Areas around schools, pubs and restaurants must be smoke-free, says RSPH
Smoking around schools, and outside pubs and restaurants should be made illegal to protect children and de-normalise smoking, the Royal Society for Public Health has said today
Smoking around schools, and outside pubs and restaurants should be made illegal, to protect children and stop smoking from being seen as a “normal or safe activity,” the Royal Society for Public Health (RSPH) has said today.
As the leading cause of preventable illness and death in the UK, smoking kills an estimated 100,000 people each year, more than the next five largest causes of preventable death combined.
The RSPH is calling for the government to introduce “smoking exclusion zones”, and for the smoking ban to be extended further “to include school gates, the outside areas of bars and restaurants and also, all public parks and squares,” they said in todays report, Stopping Smoking by Using Other Sources of Nicotine.
The report said: “This would significantly reduce the convenience of smoking… It would also reduce the visibility of cigarette usage and serve to further de-normalise smoking,thus potentially discouraging people, particularly children, from beginning to smoke in the future.”
The smoking ban has already been extended in Bristol.

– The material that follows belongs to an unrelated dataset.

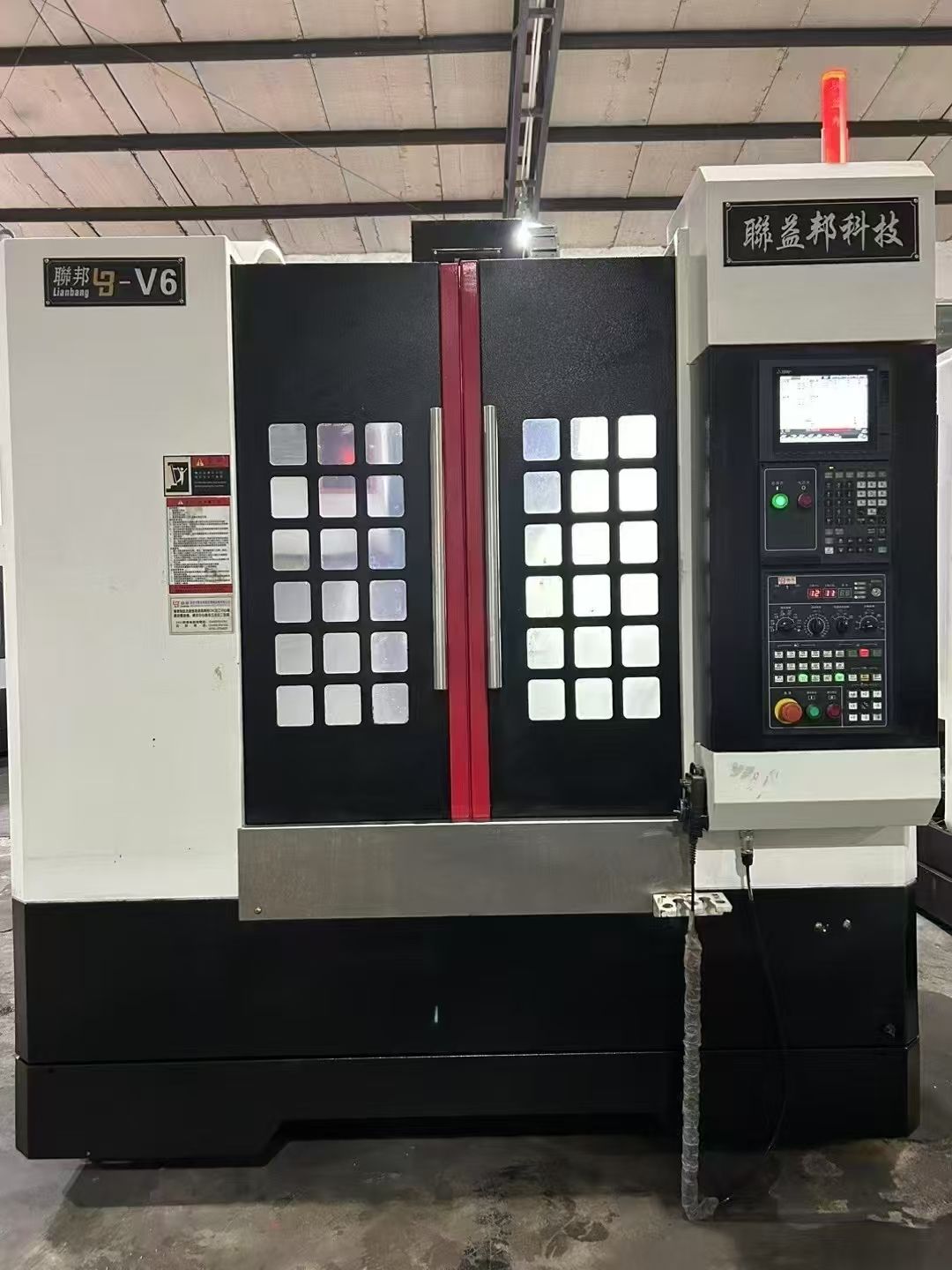 机况超好 联益邦V6加工中心，三菱M80系统，BT-2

In 2015, with a public approval rating of 61%, Bristol became the first UK city to prohibit smoking in prominent outdoor spaces.
The RSPH is also calling for e-cigarettes to be renamed as vapourisers or nicotine control products, as there is “significant misunderstanding surrounding nicotine” and research to date indicates that inhaling e-cigarette vapour is significantly less harmful to the user than smoking tobacco.
They also recommend the mandatory sale of e-cigarettes in all outlets selling regular cigarettes, and want commissioners and smoking cessation services to consider trialling an ‘e-cigarette friendly’ approach.
Finally, any retailer who is not enforcing age restrictions (it is illegal for those under 18 to buy cigarettes) or the display ban (it is illegal to display tobacco products, they should be stored and covered but accessible), should have their licence removed, the organisation said.